For a group $G$ and $G$ -module $M$ , the group cohomology is defined as: $H^n(G, M) = \text{Ext}^n_{\mathbb{Z}[G]}(\mathbb{Z}, M)$

where $\mathbb{Z}$ has trivial $G$ -action. Equivalently: $H^n(G, M) = R^n(\text{Inv}_G)(M)$

where $\text{Inv}_G(M) = M^G = \{m \in M : gm = m \text{ for all } g \in G\}$ is the invariants functor.

Definition6.2Bar Resolution

The bar resolution provides an explicit free $\mathbb{Z}[G]$ -resolution of $\mathbb{Z}$ : $\cdots \to \mathbb{Z}[G^{n+1}] \xrightarrow{\partial_n} \mathbb{Z}[G^n] \to \cdots \to \mathbb{Z}[G] \to \mathbb{Z} \to 0$

The differential is: $\partial_n(g_0, \ldots, g_n) = \sum_{i=0}^n (-1)^i (g_0, \ldots, \hat{g}_i, \ldots, g_n)$

where $\hat{g}_i$ means omitting $g_i$ .

ExampleLow-Degree Cohomology

For a $G$ -module $M$ :

$H^0(G, M) = M^G$ (invariants)
$H^1(G, M) = \text{Der}(G, M) / \text{PDer}(G, M)$ (derivations mod principal derivations)
$H^2(G, M)$ classifies extensions $1 \to M \to E \to G \to 1$

Definition6.3Group Homology

The group homology is defined dually: $H_n(G, M) = \text{Tor}_n^{\mathbb{Z}[G]}(\mathbb{Z}, M)$

where $\mathbb{Z}$ has trivial $G$ -action.
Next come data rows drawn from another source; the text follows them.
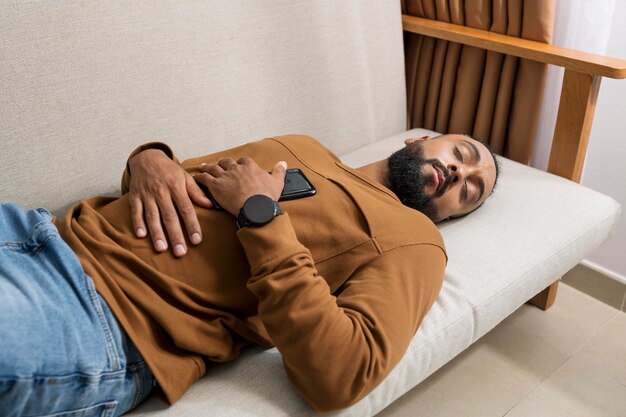man being tired after spending too much time on his phone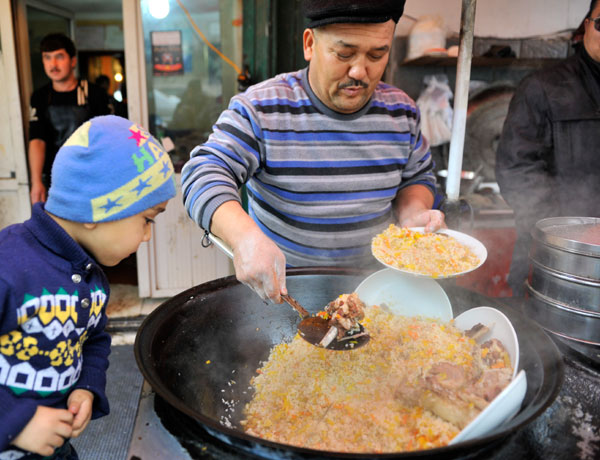 A Uygur child cannot wait to have the pilaf for lunch. [Photo by Han Liang/For China Daily]  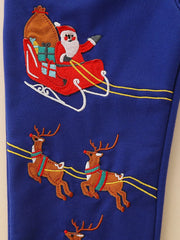 Dark navy baby pants with embroidered Santa in a sleigh and reindeer Christmas design.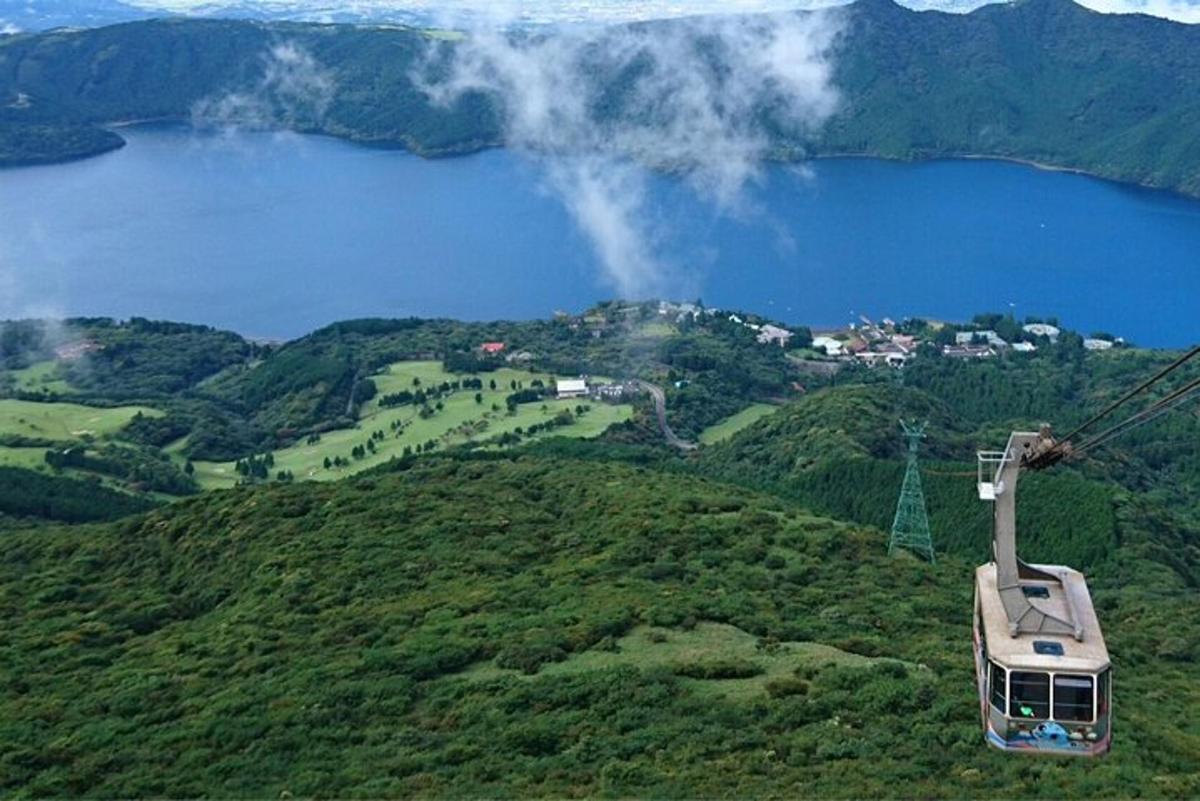 una góndola volant sobre un turó verd amb un llac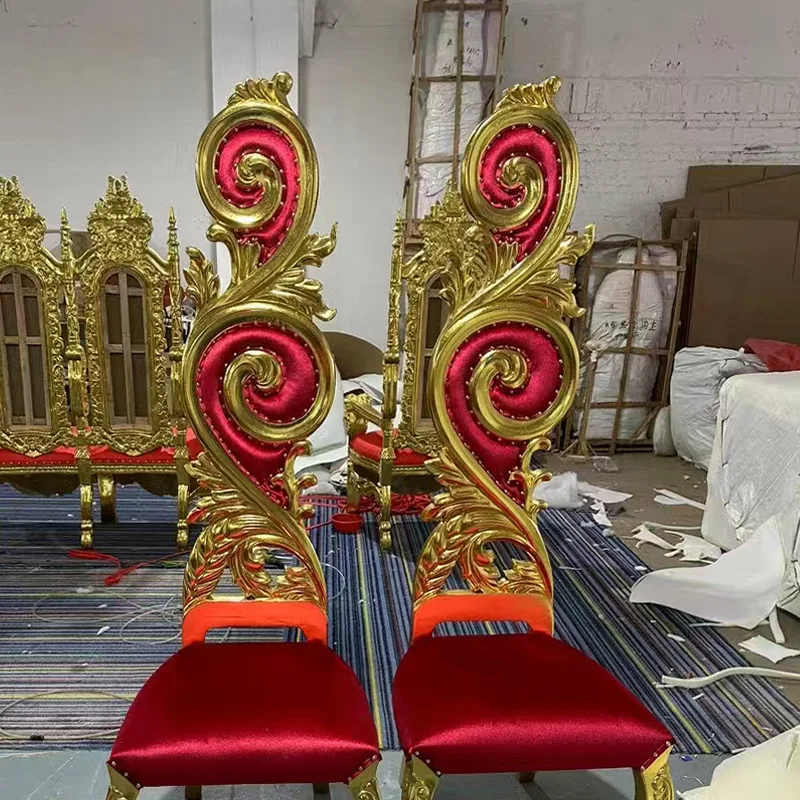 The lobby features high-backed gilded carved decorations paired with velvet upholstered chairs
This computes: $H_n(G, M) = H_n(B_\bullet \otimes_{\mathbb{Z}[G]} M)$

using the bar resolution.

ExampleCyclic Groups

For a cyclic group $G = \langle g \rangle$ of order $n$ and $G$ -module $M$ : $H^{2k}(G, M) \cong M^G / N_G M$ $H^{2k+1}(G, M) \cong (M_{G}) / (g-1)M$

where $N_G = 1 + g + g^2 + \cdots + g^{n-1}$ is the norm and $M_G = \{m : N_G m = 0\}$ .

Remark

Group cohomology is periodic for finite cyclic groups, with period 2. This periodicity is a special feature not shared by general groups.